Allen's proposal will be included in his final two-year budget proposal which will be completed before he leaves office. The expenditures must still be approved by the General Assembly and Gov.-elect James Gilmore.

If they go along, the program would substantially expand the $15 million nutrient reduction program which had been approved by Allen and the General Assembly during the 1997 legislative session.

"Our earlier efforts were not a one-shot deal," said Allen, who credited the Commonwealth's ability to make the "unprecedented" investment in Bay restoration to significantly expanded economic activity in the state over the past several years.

Virginia had earlier completed a "tributary strategy" to meet the 40 percent nutrient reduction for its portion of the Potomac, including the Shenandoah River. But that plan would not obtain the desired reduction until about 2003, primarily because of the cost, and construction time, involved in upgrading wastewater treatment plants.

Under Allen's proposal, the state would create "Year 2000 Challenge Grants" that will offer a bonus for the acceleration of point-source projects that can help Virginia meet the 40 percent nutrient reduction goal on time.

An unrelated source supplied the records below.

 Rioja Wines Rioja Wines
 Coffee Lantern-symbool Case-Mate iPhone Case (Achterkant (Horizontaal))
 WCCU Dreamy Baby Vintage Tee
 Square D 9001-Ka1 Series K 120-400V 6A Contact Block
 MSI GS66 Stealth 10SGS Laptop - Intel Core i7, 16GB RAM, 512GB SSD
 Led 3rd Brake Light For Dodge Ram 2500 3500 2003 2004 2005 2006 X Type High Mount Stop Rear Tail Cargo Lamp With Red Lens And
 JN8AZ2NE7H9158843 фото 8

In addition, Allen's proposal would:

  • Help with upgrades, expansions and other improvements at Virginia wastewater treatment plants by increasing the number of projects funded by the Water Quality Improvement Fund. The fund was created by the General Assembly earlier in the year to finance nutrient control efforts.
  • Propose legislation to expand eligibility in the Water Quality Improvement Fund so that privately owned treatment plants can participate.
  • Help to reduce urban and agricultural runoff pollution by planting additional grass and riparian buffers to better manage erosion and nutrients; constructing storage sheds for poultry litter and other animal wastes to prevent them from polluting Bay tributaries; funding no-till farming equipment; and pursuing innovative technologies, such as more precise fertilizer application equipment and the use of phytase - which can be added to animal feed to reduce the phosphorus content in their waste - and other strategies to better manage nonpoint source pollution.
  • Increase the number of professionally trained personnel to develop nutrient management plans in the Shenan-doah/Potomac watershed.
  • Increase financial assistance to farmers for the implementation of nutrient reduction strategies.
  • Increase Virginia's investment in operational improvements at the Blue Plains wastewater treatment plant in the District of Columbia to further reduce the flow of nutrients from the plant into the Potomac.

"By moving forward with this action plan, Virginia can achieve the 40 percent reduction goal to which we all committed over a decade ago," Allen said.

While much of the focus of the effort is to help meet the year 2000 goal in the Potomac, Allen said that some of the money will be used to expand nutrient control efforts in Virginia's other Bay tributaries, where specific nutrient reduction targets are still being developed.